Malhar Pallavi by Nrityantar ensemble

The Panel Meet in the Mount Carmel College auditorium turned out to be a spirited event, moderated with excellent precision and understanding by Sahana Das. "We are told that classical dances, stemming from the past do not and cannot change. Watching the film on dancer Mrinalini Sarabhai (courtesy Dr. Sunil Kothari), we found her latest works aimed at focussing on contemporary issues, very different from Bharatanatyam. How far can experimentation go, and do we still identity the dance as Bharatanatyam?" The issue posed by one of the young students at Mount Carmel College brought out the crux of Globalisation of Dance, and its challenges for what we decipher as the classical dance forms.
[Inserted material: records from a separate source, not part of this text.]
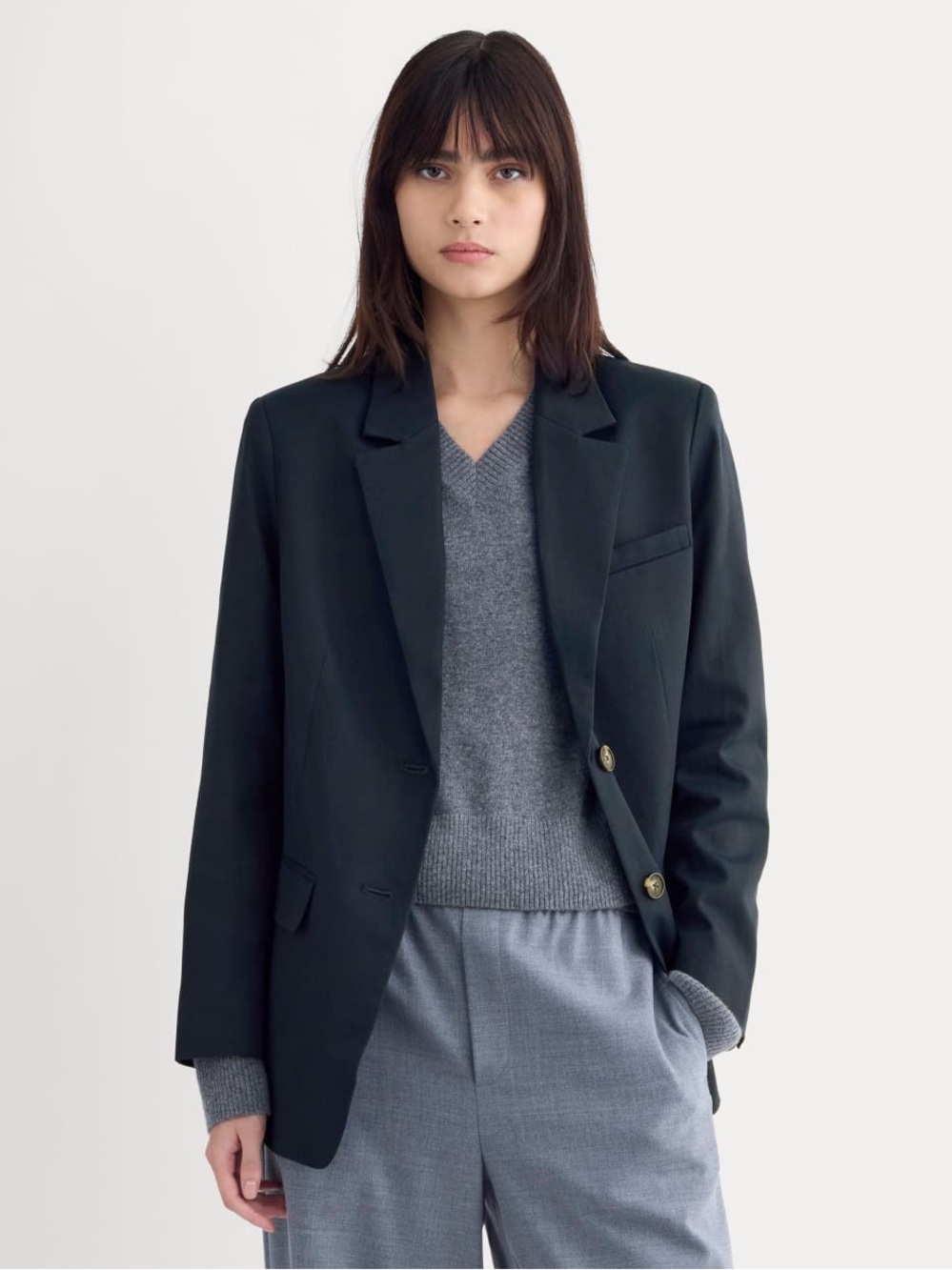 Everlane Oversized Blazer in Buttersmooth Navy Size 12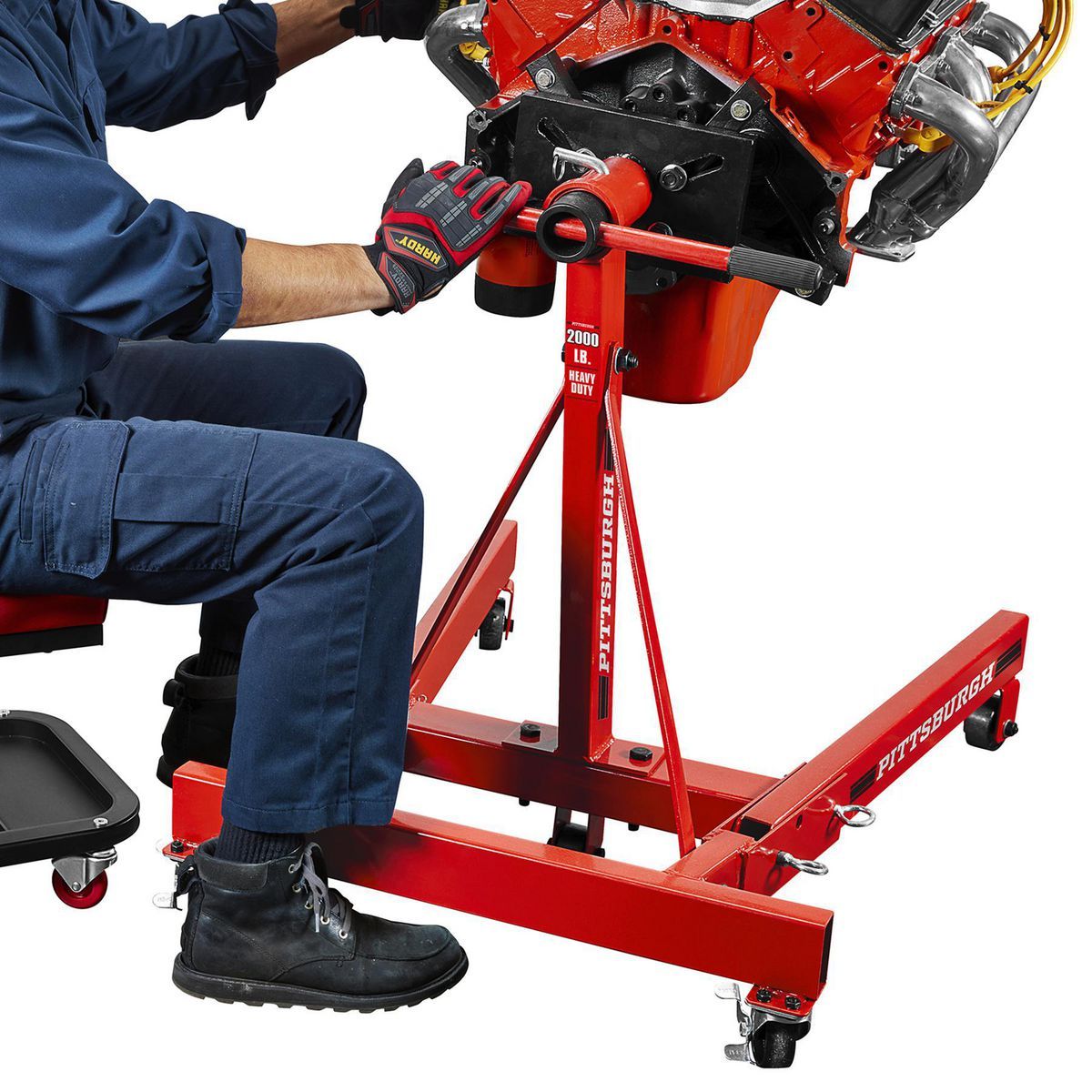 2000 lb. Capacity Foldable Engine Stand A724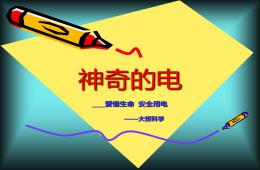 大班科學(xué)活動(dòng)神奇的電PPT課件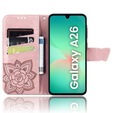 Откидной чехол для Samsung Galaxy A26, Butterfly, розовый rose gold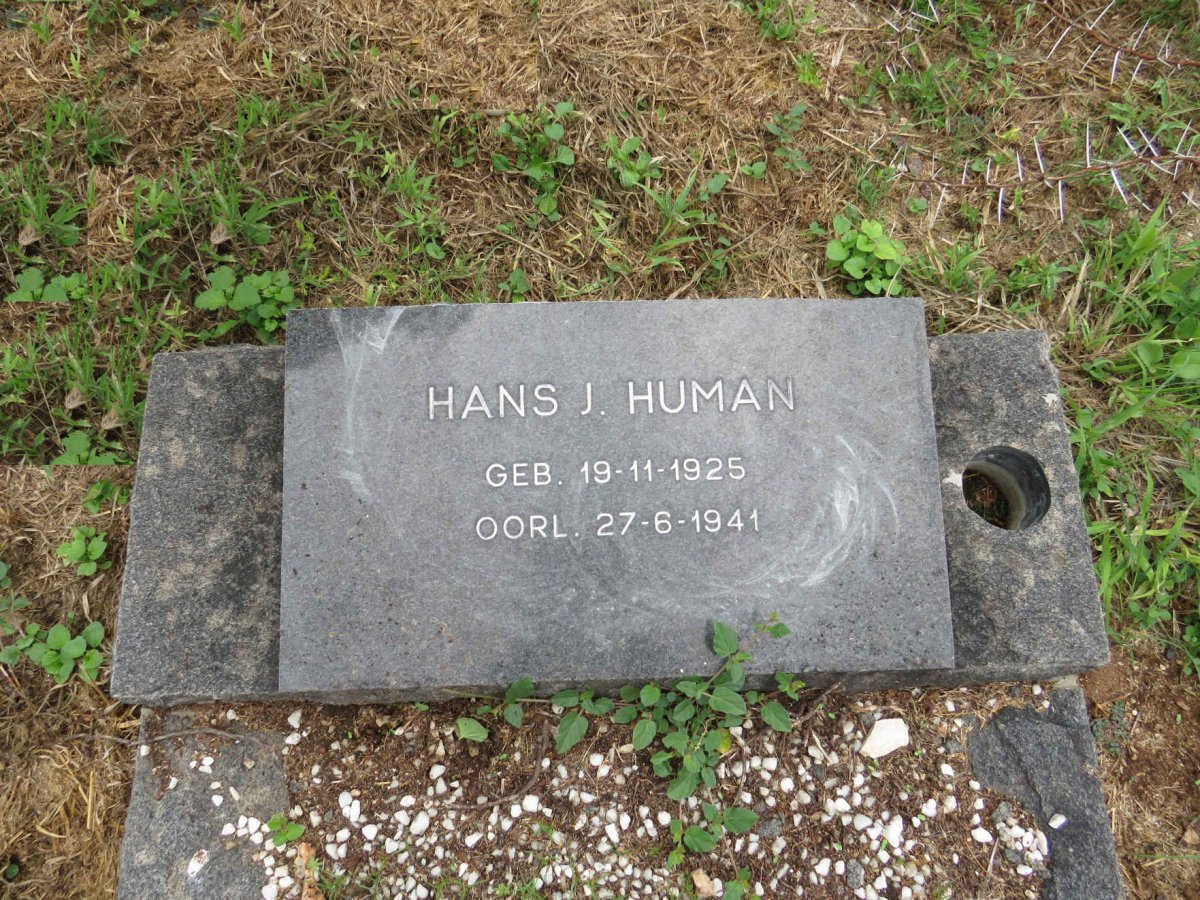 HUMAN Hans J. 1925-1941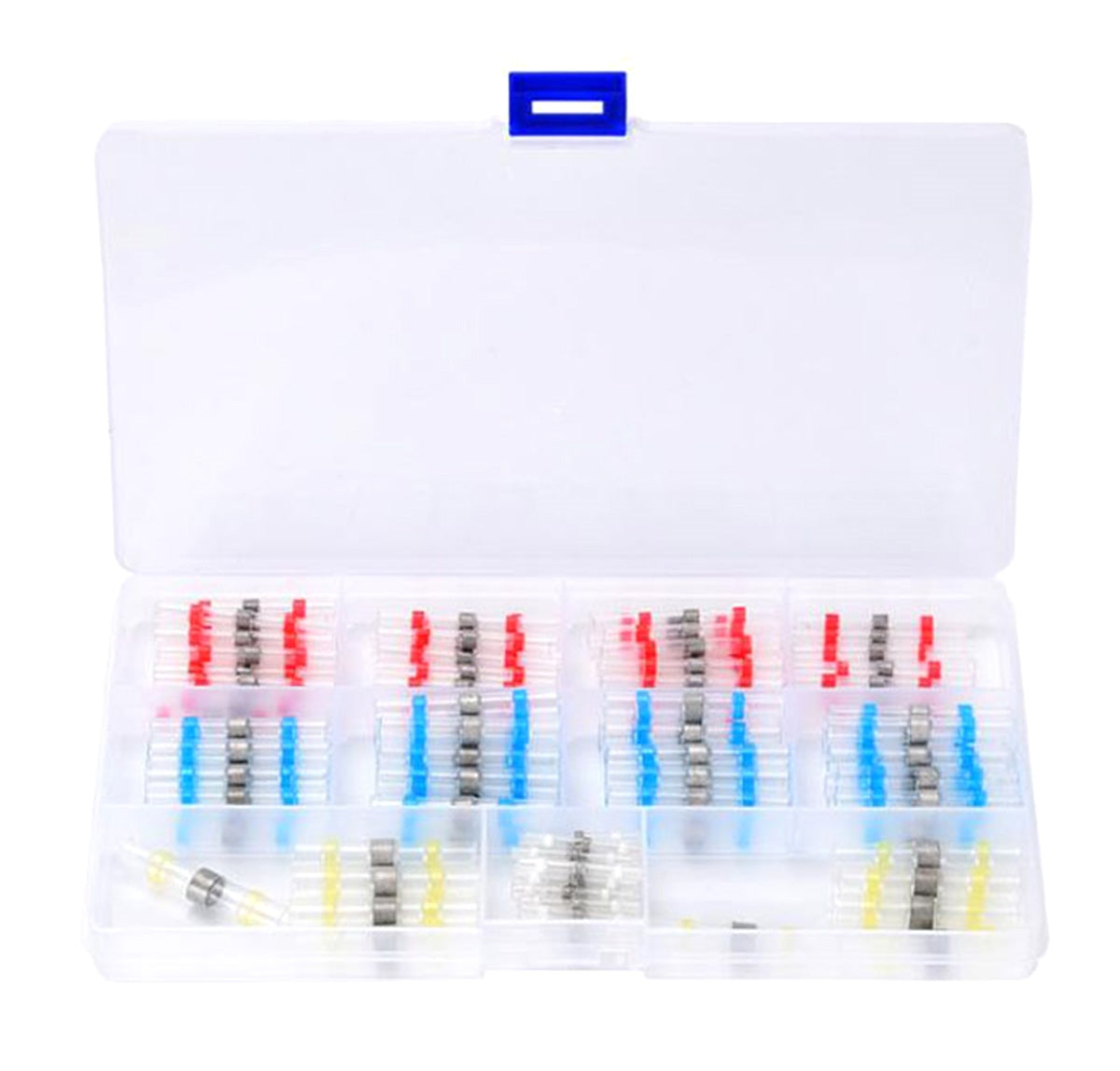Set 120 tuburi contractabile, premium, transparente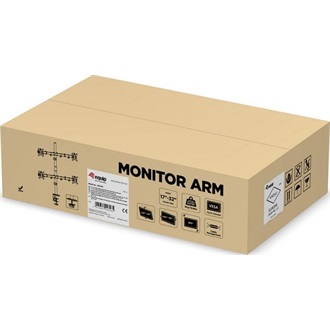 Equip Monitor Asztali konzol - 650159 (13"-27", 4 monitor, dönthető, forgatható, állítható magasság, Max.:4x9kg, fekete)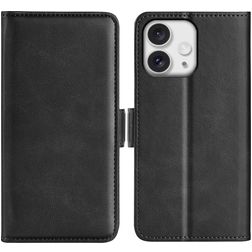 Mobigear Slim Magnet iPhone 16 Pro Max Hülle Klapphülle Geldbörse - Schwarz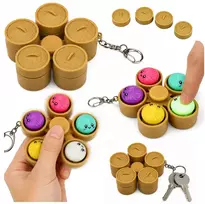 Lean Toys Dumplings in a Basket Keychain Glowing LED Dumpling Fidget Spinner 9.5 cm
With all the clamour, competition with Bollywood and changes effected by the need to reach out to a contemporary audience, at what point does the particular dance lose its identity and right to be categorised under a particular classical tradition?

"If dance calling itself Odissi does not reflect the Odishan sensibility (which is a felt and experienced entity not to be explained in cold words), how does one recognise it as Odissi?" is how one writer/scholar from Odisha put it. How does one lay down the aesthetic contours and even the 'auchitya' of various aspects of dance in this globalised variety? While excellence should decide what dance should be, vast mediocrity which has the right to live and express itself should not be denied its space, while not being allowed to overwhelm and dictate the norm. What is the role of a writer on dance in the present circumstances? While not denying mediocrity its space to exist, can he just become the eternal 'Do-gooder' encouraging even poor dancing? He is not running a charitable trust but is meant to highlight real talent through objective writing which tells the truth without hurting the less talented. There were other issues about whether dance could live in this economic oriented world without being able to reach out to an audience. Is it right for a dance critic to become a promoter through festivals providing performance space to young dancers? Acquiring information and knowledge is a must for dancers to sprout new ideas for production. But when print journals on dance, with no takers, are folding up, where does the one interested in acquiring information go?

One was happy to see that youngsters learning the dance are interested and also bold enough to ask questions about various aspects. I was happiest listening to Sahana Das when she said that she was not aiming at awakening young college minds to classical dance to make them dancers but more importantly to groom youngsters who will become part of the audience which classical dance so badly needs today. Ultimately, while the events were well attended the audience comprised students and their parents. Where are the new audiences that classical dance sorely needs?

Writing on the dance scene for the last forty years, Leela Venkataraman's incisive comments on performances of all dance forms, participation in dance discussions both in India and abroad, and as a regular contributor to Hindu Friday Review, journals like Sruti and Nartanam, makes her voice respected for its balanced critiquing. She is the author of several books like Indian Classical dance: Tradition in Transition, Classical Dance in India and Indian Classical dance: The Renaissance and Beyond.